En un mot, à l’heure où le Royaume-Uni se prépare à quitter l’Union européenne et où la langue anglaise ne correspond plus qu’à la langue maternelle d’une petite minorité de la population, la Commission utilise une langue qui est essentiellement devenue une langue tierce, et qui donne un avantage concurrentiel (économique et culturel) à des Etats tiers comme le Royaume-Uni ou les Etats-Unis.
NOUS DEMANDONS SIMPLEMENT LE DROIT DE NE PAS ETRE DISCRIMINES PARCE QUE NOUS VOULONS TRAVAILLER EN FRANÇAIS OU DANS D’AUTRES LANGUES.
Nous demandons
– le droit de rédiger des projets de communication, de documents de travail des services et des projets législatifs en français ;
– le droit de passer des appels d’offres et de demander des rapports en français ;
– le droit de communiquer sur les réseaux sociaux avec des matériaux graphiques et des vidéos en français ;
– le droit de nous exprimer lors des réunions internes (groupes interservices, réunions d’unité, réunions de tout le personnel) en français sans être montrés du doigt ou susciter des soupirs exaspérés ou des haussements de sourcil ;
– l’application du principe selon lequel un document ou un site internet qui n’est pas assez important pour être publié dans d’autres langues que l’anglais ne devrait pas être publié du tout ;
– le développement d’outils (notamment de traduction automatique plus efficace) permettant de travailler quotidiennement de manière multilingue.

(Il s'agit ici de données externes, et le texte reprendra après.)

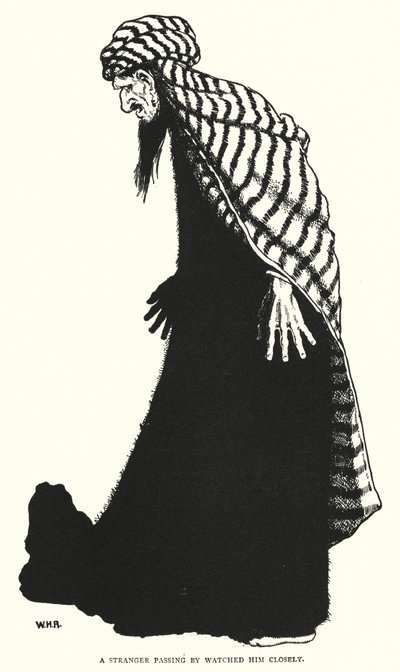 Ohikulkeva muukalainen katseli häntä tarkasti (kaiverrus) tekijältä William Heath Robinson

Face à l’inertie de l’administration, et à la pression sociale du monolinguisme, vous êtes notre dernier recours.
Nous vous demandons
– d’émettre une instruction interne rappelant notre droit d’utiliser au quotidien les langues procédurales ;
– de demander à vos commissaires et aux Directeurs généraux de mettre en place une politique incitative du multilinguisme, en montrant eux-même l’exemple dans leur communication interne.
C’est avec cet espoir que nous vous prions, Madame la Présidente, d’accepter l’expression de notre considération respectueuse et dévouée.